I just want to say first that this forum is fantastic and I have learned a lot from just browsing the threads and reading all the informative posts from all the kind users.

Tomorrow is my 1 year anniversary with my girlfriend and I want to say something to her in Tagalog. I basically want to say Happy Anniversary and that I have been so happy being with her the past year and hope we will be together for many more years to come. If someone can help me out, it would be greatly appreciated. Thanks.


----------



## fish41

Hey this is a great forum. Learned a lot up to know with just reading. Was eager to read the answers to that question.

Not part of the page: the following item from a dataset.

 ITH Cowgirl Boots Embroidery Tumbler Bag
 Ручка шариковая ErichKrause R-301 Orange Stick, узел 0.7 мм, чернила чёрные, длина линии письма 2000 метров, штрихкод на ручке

Where are you filipinas/filipinos ?


----------



## LanceKitty

Err, belated happy anniversary!  I'm really sorry about the delay, but hey, better late than never right?



			
				RedBean said:
			
		

> I basically want to say Happy Anniversary and that I have been so happy being with her the past year and hope we will be together for many more years to come.


 
Maligayang anibersaryo, aking mahal.  Ako'y naging higit na maligaya sa piling mo sa nakaraang taon.  Nawa'y magkasama pa tayo sa mga darating taon.

Ey, you go Redbean!


----------



## mataripis

The Tagalog for Anniversary is "Pagdiriwang"  1.) Happy 1st anniversary= Maligayang pagdiriwang sa unang Taon ng _____________!


----------



## rempress

mataripis said:


> The Tagalog for Anniversary is "Pagdiriwang"  1.) Happy 1st anniversary= Maligayang pagdiriwang sa unang Taon ng _____________!

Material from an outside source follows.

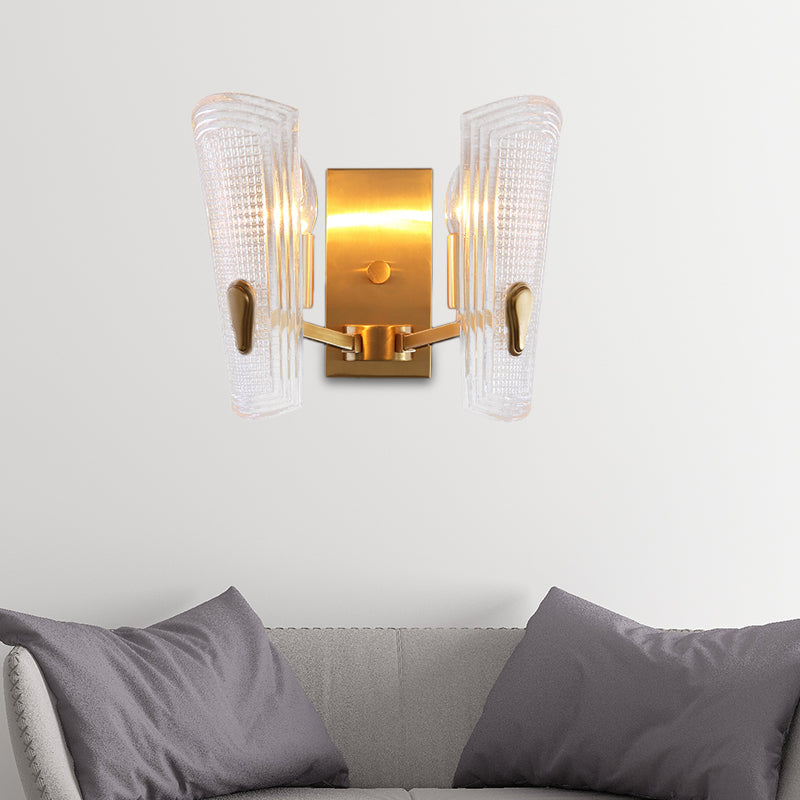 Rectangle Backplate Metal Wall Lamp Modern Gold 1/2-Head Sconce Light Fixture with Clear Prismatic Glass Shade - 2.0 - Gold - Clearhalo - 'Modern wall lights' - 'Modern' - 'Wall Lamps & Sconces' - 'Wall Lights' - Lighting' - 153305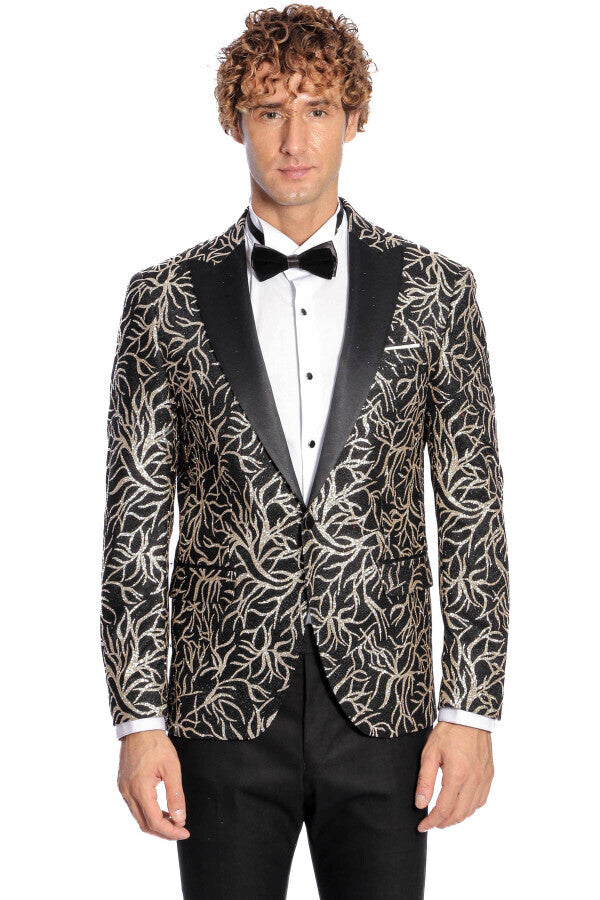 Blazer ajustado para fiesta de graduación para hombre, color negro, con estampado de hiedra brillante - Wessi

"Pagdiriwang" is Celebration


----------



## mataripis

Then it is "Kaarawan" in Tagalog.  "maligayang ika- 2 taon ng...."


----------



## rempress

mataripis said:


> Then it is "Kaarawan" in Tagalog.
> _Which one is "kaarawan" in Tagalog?_
> "maligayang ika- 2 taon ng...._(what?)_ "


----------



## mataripis

"Maligayang Ika- 2 taong _kaarawan_ ng ating samahan!


----------



## sangrecaliente.sanchaud

No... We just say... Happy Anniversary... Not saying it in English is too absurd. hehehe


----------